SUPPLIED DATA –
◆ ◆ ◆
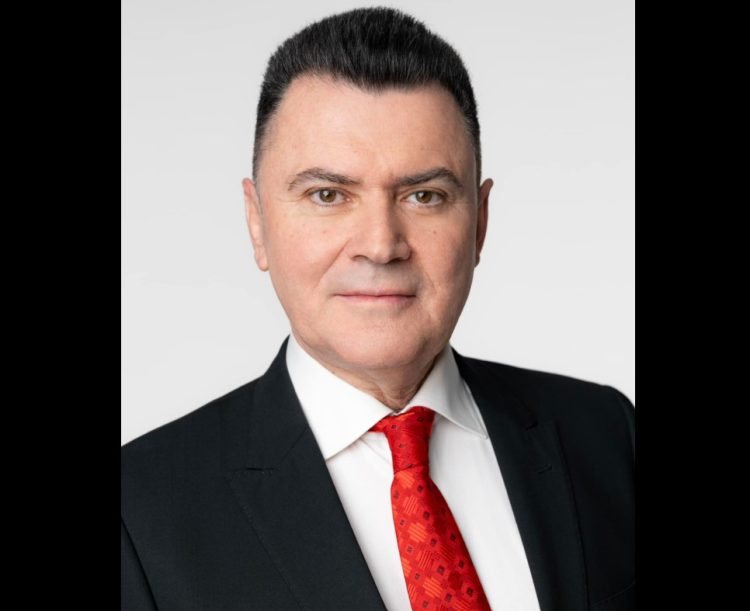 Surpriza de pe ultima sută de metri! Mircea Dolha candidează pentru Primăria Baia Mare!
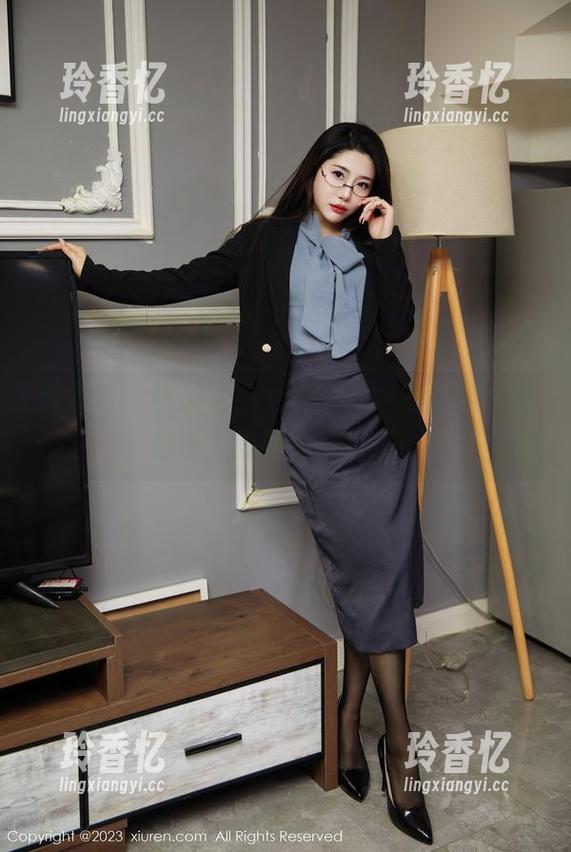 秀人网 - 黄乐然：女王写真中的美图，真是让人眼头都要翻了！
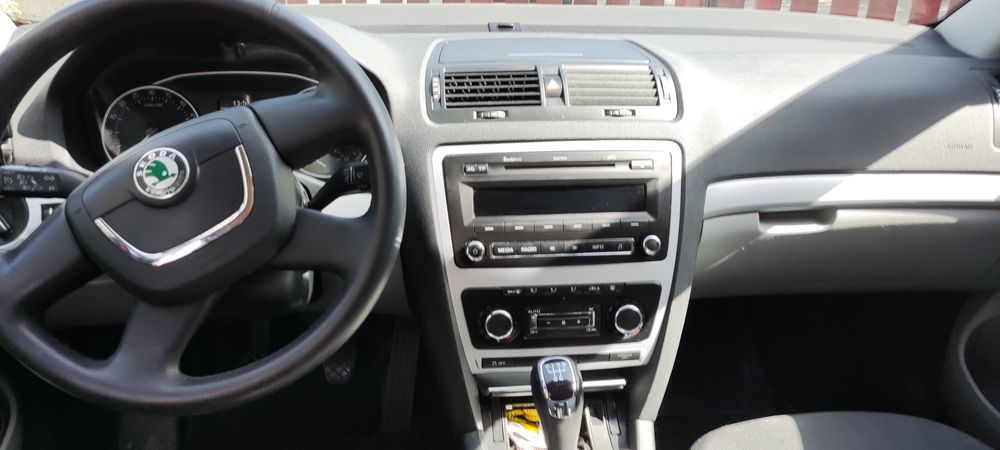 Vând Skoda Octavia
◆ ◆ ◆
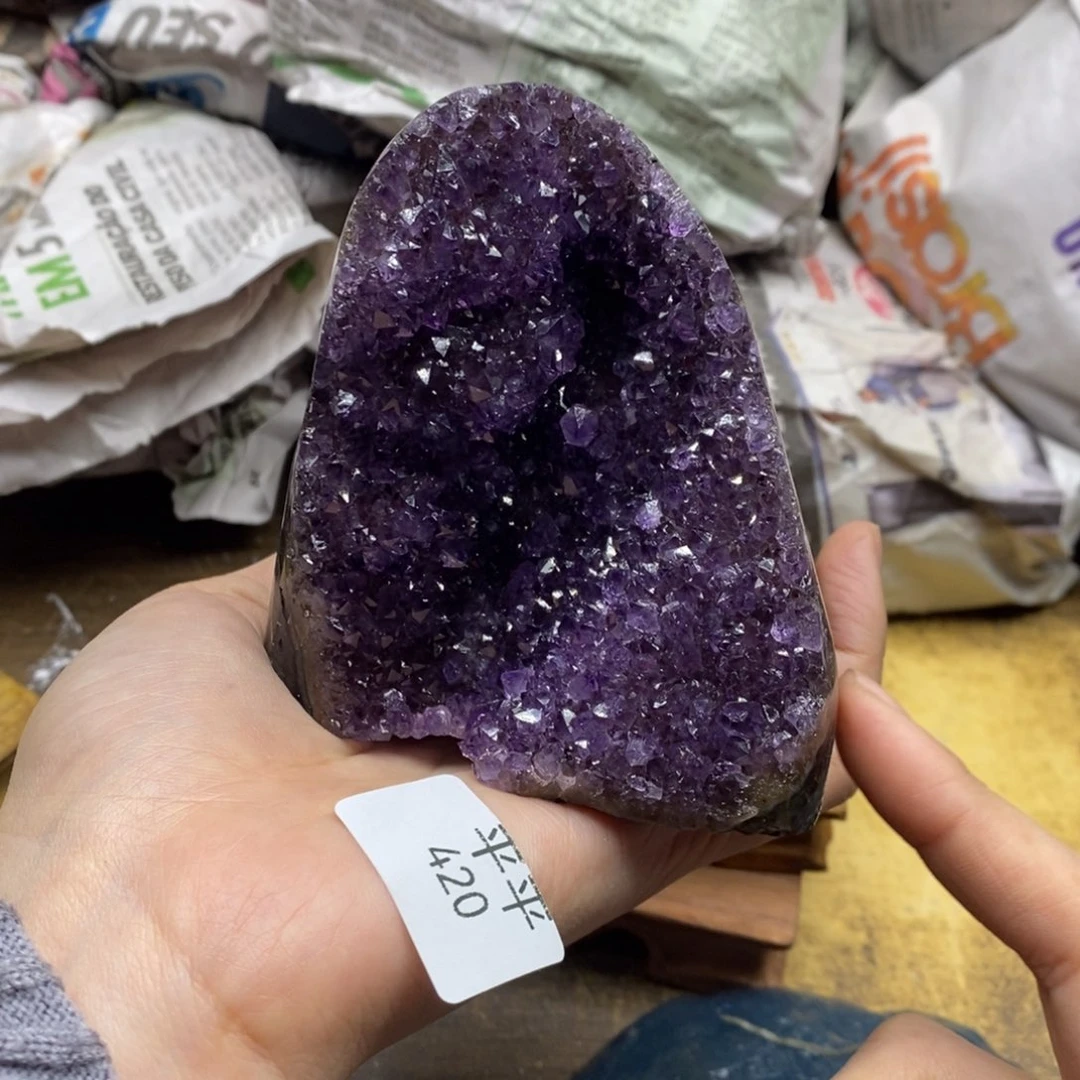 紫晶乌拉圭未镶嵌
◆ ◆ ◆
WORK TO COMPLETE –
Repeat exactly the stretch of the listing above that starts with the line holding "Surpriza de pe" and finishes with the line holding "Vând Skoda Octavia", both included. Skip every picture.

OUTPUT OF THE EXERCISE –
 Surpriza de pe ultima sută de metri! Mircea Dolha candidează pentru Primăria Baia Mare!
 秀人网 - 黄乐然：女王写真中的美图，真是让人眼头都要翻了！
 Vând Skoda Octavia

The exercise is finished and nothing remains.